» Try it: Could you output exactly the lines from the one containing "Hyundai iX20 1.4" through the end of the records below, and nothing more?

» Records:
== Segment start ==
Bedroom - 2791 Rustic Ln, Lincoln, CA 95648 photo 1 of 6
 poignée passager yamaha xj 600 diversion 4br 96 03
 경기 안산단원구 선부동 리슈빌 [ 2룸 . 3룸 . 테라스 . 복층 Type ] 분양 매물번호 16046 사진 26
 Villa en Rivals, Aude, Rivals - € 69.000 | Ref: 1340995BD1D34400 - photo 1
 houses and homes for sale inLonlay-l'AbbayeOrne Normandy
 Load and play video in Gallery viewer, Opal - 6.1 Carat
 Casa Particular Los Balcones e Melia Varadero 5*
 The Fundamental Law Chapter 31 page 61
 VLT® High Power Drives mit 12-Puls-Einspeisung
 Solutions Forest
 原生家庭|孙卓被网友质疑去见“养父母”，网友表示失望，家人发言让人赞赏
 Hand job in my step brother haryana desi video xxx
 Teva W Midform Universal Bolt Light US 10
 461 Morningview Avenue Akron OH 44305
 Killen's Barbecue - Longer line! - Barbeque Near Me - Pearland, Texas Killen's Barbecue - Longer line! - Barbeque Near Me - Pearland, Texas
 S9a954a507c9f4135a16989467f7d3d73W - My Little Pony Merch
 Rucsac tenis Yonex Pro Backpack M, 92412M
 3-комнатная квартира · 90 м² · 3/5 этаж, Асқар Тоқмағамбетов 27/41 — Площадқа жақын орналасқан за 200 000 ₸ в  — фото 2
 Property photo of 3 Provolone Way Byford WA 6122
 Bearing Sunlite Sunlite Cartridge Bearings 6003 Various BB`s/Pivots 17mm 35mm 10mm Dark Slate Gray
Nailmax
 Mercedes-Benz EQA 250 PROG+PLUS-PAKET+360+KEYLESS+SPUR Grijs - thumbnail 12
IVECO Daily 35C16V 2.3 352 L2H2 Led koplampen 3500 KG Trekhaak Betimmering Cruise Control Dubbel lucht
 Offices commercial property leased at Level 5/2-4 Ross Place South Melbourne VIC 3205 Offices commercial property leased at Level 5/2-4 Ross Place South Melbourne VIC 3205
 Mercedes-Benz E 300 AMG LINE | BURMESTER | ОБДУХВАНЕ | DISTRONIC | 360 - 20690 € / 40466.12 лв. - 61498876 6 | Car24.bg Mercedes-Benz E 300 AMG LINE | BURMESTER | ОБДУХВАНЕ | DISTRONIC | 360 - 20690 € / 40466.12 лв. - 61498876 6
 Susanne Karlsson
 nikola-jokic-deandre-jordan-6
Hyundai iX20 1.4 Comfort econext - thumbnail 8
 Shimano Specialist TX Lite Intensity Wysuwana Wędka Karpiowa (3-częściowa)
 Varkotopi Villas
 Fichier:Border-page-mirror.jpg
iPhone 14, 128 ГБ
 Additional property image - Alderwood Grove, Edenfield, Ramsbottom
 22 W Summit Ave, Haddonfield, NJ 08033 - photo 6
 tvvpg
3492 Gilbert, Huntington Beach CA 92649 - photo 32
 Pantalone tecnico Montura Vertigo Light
== Segment end ==
» Task result:
Hyundai iX20 1.4 Comfort econext - thumbnail 8
 Shimano Specialist TX Lite Intensity Wysuwana Wędka Karpiowa (3-częściowa)
 Varkotopi Villas
 Fichier:Border-page-mirror.jpg
iPhone 14, 128 ГБ
 Additional property image - Alderwood Grove, Edenfield, Ramsbottom
 22 W Summit Ave, Haddonfield, NJ 08033 - photo 6
 tvvpg
3492 Gilbert, Huntington Beach CA 92649 - photo 32
 Pantalone tecnico Montura Vertigo Light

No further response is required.